Jenny Leimert accounts for the cosmic, flower thing. A lot of archaeological motifs, bulls, hippopotamus gods, bits of zodiac, as well as more decorative reworkings of Pharaonic designs. Then there are occasional oddities, two small pieces, miniature banners, with cartoon like aeroplanes. In one of these the ground is striped, a faded red and blue, and the sky is spangled, as well as aeroplane filled, though the stars have archaeological roots. This, among the smallest pieces in Leimert's exhibit, manages a major perspectival shift, engineering a rightful diminishing of apparently sensational events. Elsewhere the decorative is handled with a reasonable aplomb though there is little of any real substance. Thinner than Leimert's usual, not as worked, it smacks of hurry.

On the ground floor of the Townhouse proper are Scott Bailey's large square canvases in acrylic and oil. They are exhibited under the title Crimson and there is certainly a deal of red around. The paintings are themselves supplemented by intricate, contrived miniature sculptures, stills from an educational film explaining the properties of surface tension reworked in three dimensions. Drops of red paint frozen as they fall back in the pot. And they do seem to indicate the possibility of a kind of splish-splash reading of the larger paintings though the abstract expressionist comparisons do not lead anywhere in particular, do not bear much weight. Red, though, and liquid: the easiest loading is to make the bloody analogy. So blood and gore? But this is too easy. Forget the meat and think of flowers, think bowl of gladioli, think hybridised Lilly; forget Pollock and think Georgia O'Keefe in her turgid, gigantic and increasingly uninteresting magnified flower phase. It is, at the very least, an amusing exercise, and more responsive to the finish of these paintings. The artist's sculptured drips may well be crimson herrings, for whatever the process here it is the finish that tells, and it would be difficult to imagine anything more slick. In which direction lies most, perhaps all, of the accomplishment here. This particular show is an essay in competence. Whatever other conclusions we may want to draw we draw several decades too late.

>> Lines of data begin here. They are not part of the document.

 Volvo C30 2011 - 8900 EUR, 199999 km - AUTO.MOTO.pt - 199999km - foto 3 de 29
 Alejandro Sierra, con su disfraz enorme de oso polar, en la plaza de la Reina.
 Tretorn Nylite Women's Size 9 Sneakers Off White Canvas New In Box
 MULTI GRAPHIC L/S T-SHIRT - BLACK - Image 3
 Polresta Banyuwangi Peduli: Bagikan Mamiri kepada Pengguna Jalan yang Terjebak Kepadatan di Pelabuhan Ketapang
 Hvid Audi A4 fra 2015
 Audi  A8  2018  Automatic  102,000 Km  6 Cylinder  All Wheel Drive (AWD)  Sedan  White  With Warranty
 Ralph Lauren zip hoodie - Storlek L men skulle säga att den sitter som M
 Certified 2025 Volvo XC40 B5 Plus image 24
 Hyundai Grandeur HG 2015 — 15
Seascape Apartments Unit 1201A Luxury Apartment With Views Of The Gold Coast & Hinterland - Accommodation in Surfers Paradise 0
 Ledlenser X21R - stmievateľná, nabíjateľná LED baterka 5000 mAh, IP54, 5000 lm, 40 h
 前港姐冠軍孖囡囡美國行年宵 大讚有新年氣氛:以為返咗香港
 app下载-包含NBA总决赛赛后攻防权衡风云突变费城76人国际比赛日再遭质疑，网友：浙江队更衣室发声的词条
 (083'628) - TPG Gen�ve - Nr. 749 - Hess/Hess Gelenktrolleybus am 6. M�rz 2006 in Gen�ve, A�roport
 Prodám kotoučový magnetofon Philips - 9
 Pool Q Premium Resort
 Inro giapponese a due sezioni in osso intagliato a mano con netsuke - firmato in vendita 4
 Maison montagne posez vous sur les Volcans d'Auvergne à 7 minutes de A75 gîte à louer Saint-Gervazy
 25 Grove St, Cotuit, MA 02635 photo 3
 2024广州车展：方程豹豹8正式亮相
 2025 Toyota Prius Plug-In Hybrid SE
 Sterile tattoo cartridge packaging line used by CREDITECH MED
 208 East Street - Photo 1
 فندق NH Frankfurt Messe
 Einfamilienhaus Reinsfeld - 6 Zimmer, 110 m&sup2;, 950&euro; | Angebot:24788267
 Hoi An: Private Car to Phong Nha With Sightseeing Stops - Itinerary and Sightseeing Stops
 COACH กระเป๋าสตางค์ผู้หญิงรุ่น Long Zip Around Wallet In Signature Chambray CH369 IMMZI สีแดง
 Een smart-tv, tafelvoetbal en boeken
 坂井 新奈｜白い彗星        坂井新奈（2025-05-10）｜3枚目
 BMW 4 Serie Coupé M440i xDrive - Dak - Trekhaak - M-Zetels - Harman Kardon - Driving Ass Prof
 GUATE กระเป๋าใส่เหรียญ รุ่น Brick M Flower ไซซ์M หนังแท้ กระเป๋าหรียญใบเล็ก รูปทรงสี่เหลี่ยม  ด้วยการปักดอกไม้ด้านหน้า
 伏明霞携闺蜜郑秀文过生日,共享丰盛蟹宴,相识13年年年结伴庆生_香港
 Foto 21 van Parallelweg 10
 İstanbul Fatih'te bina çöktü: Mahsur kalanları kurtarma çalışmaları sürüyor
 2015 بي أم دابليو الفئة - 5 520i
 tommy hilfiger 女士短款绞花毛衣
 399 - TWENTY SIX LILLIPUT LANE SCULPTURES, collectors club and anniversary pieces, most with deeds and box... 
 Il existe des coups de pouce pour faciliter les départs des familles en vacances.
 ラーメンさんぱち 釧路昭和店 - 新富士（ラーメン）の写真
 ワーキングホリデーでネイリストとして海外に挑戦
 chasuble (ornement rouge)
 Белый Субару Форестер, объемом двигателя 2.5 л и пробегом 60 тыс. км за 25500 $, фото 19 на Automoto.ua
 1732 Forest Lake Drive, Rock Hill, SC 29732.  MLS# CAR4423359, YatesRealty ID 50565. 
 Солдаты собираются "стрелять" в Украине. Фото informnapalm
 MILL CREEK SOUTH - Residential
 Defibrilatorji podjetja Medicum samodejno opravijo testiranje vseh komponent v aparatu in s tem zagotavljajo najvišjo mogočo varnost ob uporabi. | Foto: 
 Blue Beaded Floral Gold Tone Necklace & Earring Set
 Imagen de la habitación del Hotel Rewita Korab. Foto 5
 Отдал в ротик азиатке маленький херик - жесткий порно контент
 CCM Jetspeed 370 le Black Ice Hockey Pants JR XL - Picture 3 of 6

A little more whimsy is Hisham El-Zeiny's show, and it does not go amiss. Distressed monochromes, a variegated sepia experience. The images are mostly small, the backgrounds distressed, collaged and sculptural elements carefully integrated. Some of the paintings contain newsprint mug shots, others coffee cups in slight relief, bent metal, at first sight, but given the beige treatment. Some are amusing and clearly intended as visual puns. Others have a spurious, geometric overlay, the spokes of bicycle wheels furnishing the necessary scaffolding. El-Zeiny provides the kind of ease that should not be disparaged as a matter of course: it is ease born from the absence of the declamatory, from the refusal of volume, size, vainglory. And in this context it is refreshing. These are four shows. There is nothing, could never be anything, of the group about them. If there is any advantage to the accidents of time- tabling, though, it ends, through no manoeuvring on El-Zeiny's part, in his court.